:: Exercise prompt ::
Below are some records. Set down exactly the line holding "Image de FEBI" and every later line through the end, omitting the pictures.

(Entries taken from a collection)

•••

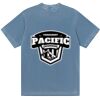 Shaka Wear Max Heavyweight Garment Dye Thumbnail
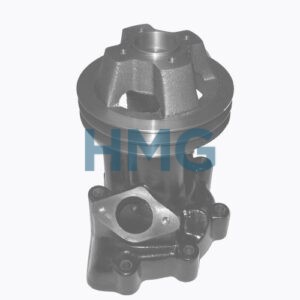 HMG-244.136 VOLVO CE WATER PUMP 787285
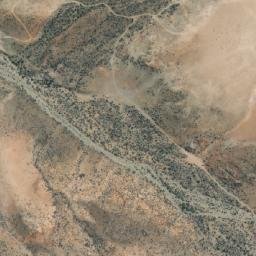 Satellite imagery of Las Galenas, CL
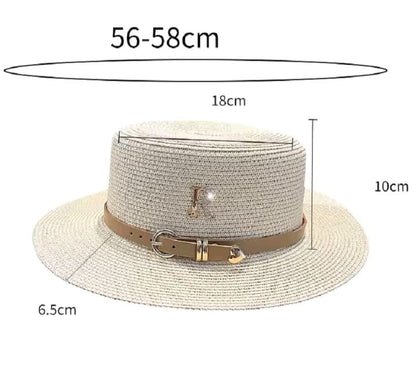 Women's Summer Hats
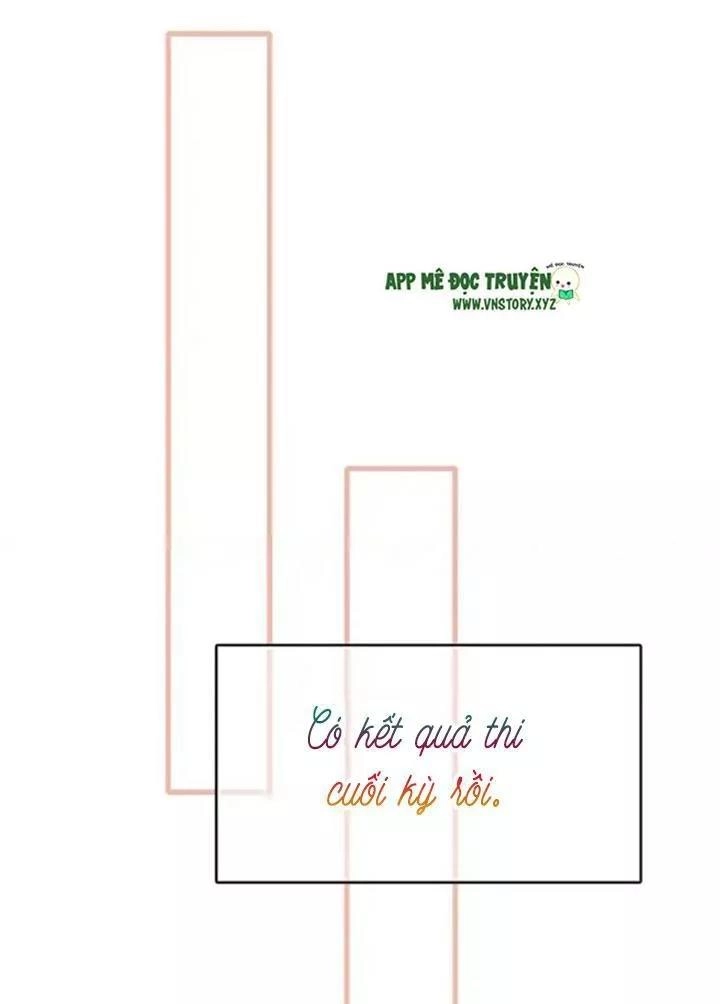 Con Tim Rung Động 2 Chapter 56 - 12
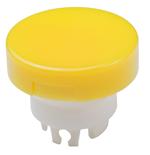 NKK Switches AT3002EB 放大圖片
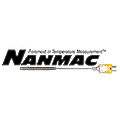 Nanmac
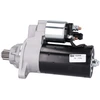 Image de FEBI BILSTEIN 102906 Démarreur Performance du démarreur: 2kW, Volt: 12V, Nbr. dents: 10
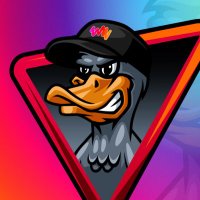 2131.eth (@2131eth) 's Twitter Profile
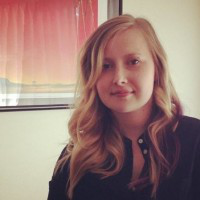 Kim Schacht avatar image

•••

:: Exercise output ::
 Image de FEBI BILSTEIN 102906 Démarreur Performance du démarreur: 2kW, Volt: 12V, Nbr. dents: 10
 2131.eth (@2131eth) 's Twitter Profile
 Kim Schacht avatar image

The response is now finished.